It’s clear from almost every metric that the Portland multifamily sector’s performance in 2018 outstripped that of the prior year in virtually every respect: rent growth increased, sales volume was up more than 30 percent and the number of new units added to the market during the year is way, way up.
Here is a quick look at the major performance measures for the past year.
The Portland apartment market added about 5,700 new market-rate units in 2018, a 20 percent increase over 2017 when about 4,800 units delivered. The significant increase in Portland’s multifamily supply in 2018 bucked the national trend which saw an average of a 20 percent decrease in the number of new apartment completions.

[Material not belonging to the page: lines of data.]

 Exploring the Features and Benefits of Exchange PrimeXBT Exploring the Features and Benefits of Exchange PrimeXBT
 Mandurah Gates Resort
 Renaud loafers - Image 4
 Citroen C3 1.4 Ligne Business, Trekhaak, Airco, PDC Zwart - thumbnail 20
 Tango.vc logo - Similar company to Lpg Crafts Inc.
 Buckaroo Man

In all, developers completed 79 new apartment projects in Portland during 2018. Of these communities, 22 had more than 100 units. Modera Pearl was the largest with 290 units. Southeast Portland attracted the greatest concentration of newly built apartments in 2018, with 1,025 new units added during the year, followed by Downtown Portland with 977 units.

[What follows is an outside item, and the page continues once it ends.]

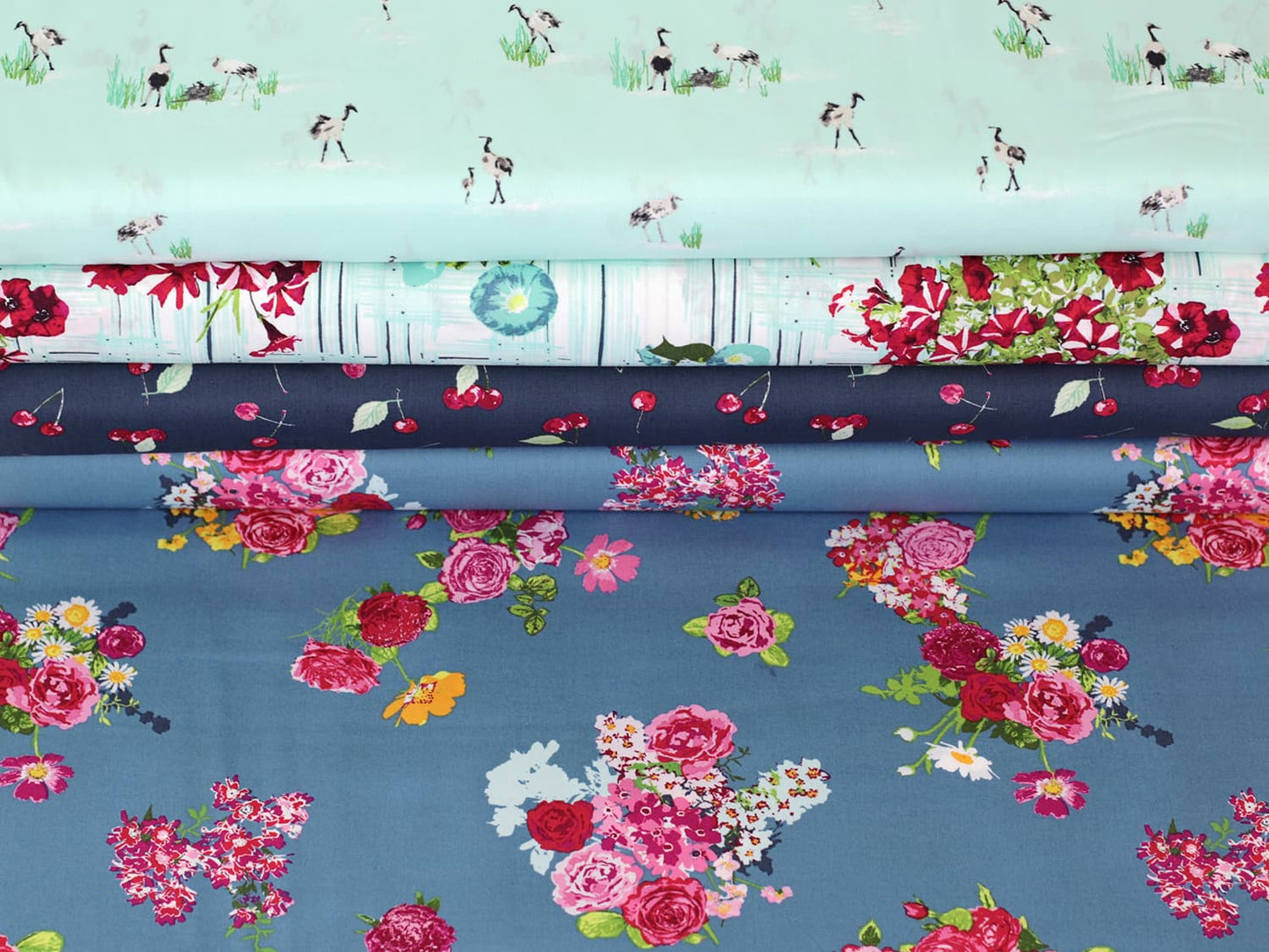 stoff-baumwolle-baumwollstoff-patchwork-patchworkstoff-art-gallery-fabrics-floralish-serie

The average asking monthly rent for the new deliveries is $1,714 per unit, 31 percent higher than the Portland area’s average rent of $1,305 per unit. Three new communities, Dianne, The Windward,
What makes the Portland multifamily market’s performance in 2018 even more compelling is that vacancy actually contracted in 2018, despite the ongoing wave of new supply. Underscoring the tremendous demand from renters, the market set a new record for absorption, with about 6,600 units rented in 2018.
That, in turn, pushed the vacancy rate down to 5.5 percent in 2018 – a contraction of 0.6 percent from the prior year. New residents helped drive the record absorption in 2018, even as Portland’s net migration fell for the third consecutive year.
At the end of 2018, the typical market-rate Portland apartment rented for $1,305 per unit, a healthy 2.6 percent increase from the prior year.
Rent gains were strongest in the mid-quality 3-Star rated apartments, at 3.2 percent. The higher quality and more expensive 4- and 5-Star luxury apartments also posted strong growth, but at a lower rate of 2 percent. In 2018, only one neighborhood in Portland saw average rents go down: North Portland, which saw rents shrink by 1.3 percent.
In 2018, Portland multifamily investment sales volume reached $2.1 billion, an astounding 31 percent increase from the prior year.
And with the July trade of the 273-unit Indigo @ Twelve West for $206 million at $682,000 per unit, 2018 also set a record as Portland’s most expensive post-recession multifamily sale – and likely the market’s biggest ever. Greystar acquired the community located in downtown Portland’s West End neighborhood, between the pedestrian-friendly Pearl District and the central business district from Gerding Edlen.
Helping to drive up prices was an influx of out-of-state investors who discovered’ the attributes of the Portland apartment market in 2018. None of the 10 investment firms that acquired the most multifamily property in Portland last year were based within Oregon.
Perhaps the the biggest news of 2018 occurred on December 13th when the Metro Council voted to expand the Urban Growth Boundary by about 2,200 acres, marking the 36th expansion since the Urban Growth Boundary was established in 1979.
While the biggest near-term impact will likely be on single family residential development in King City, Beaverton, Hillsboro and Wilsonville, the boundary expansion will ultimately affect all real estate sectors.
Meanwhile, news is trickling out of Oregon’s state capitol regarding high-level discussions on limiting annual rent increases. Locally, the Portland City Council is expected to entertain regulation aimed at nudging tenant rental applications toward a first-come, first-serve model, restricting landlord ability to select tenants with an array of criteria. This proposal may also reduce the maximum amount allowable for tenant security deposits.
However, none of these potential regulations will alter the fact that Portland’s multifamily market has an additional 10,512 market-rate units under construction at the close of 2018, a level of supply that will test the strength of demand for apartments that was demonstrated in 2018.
And, in just the first two weeks of 2019, another 244 units have broken ground.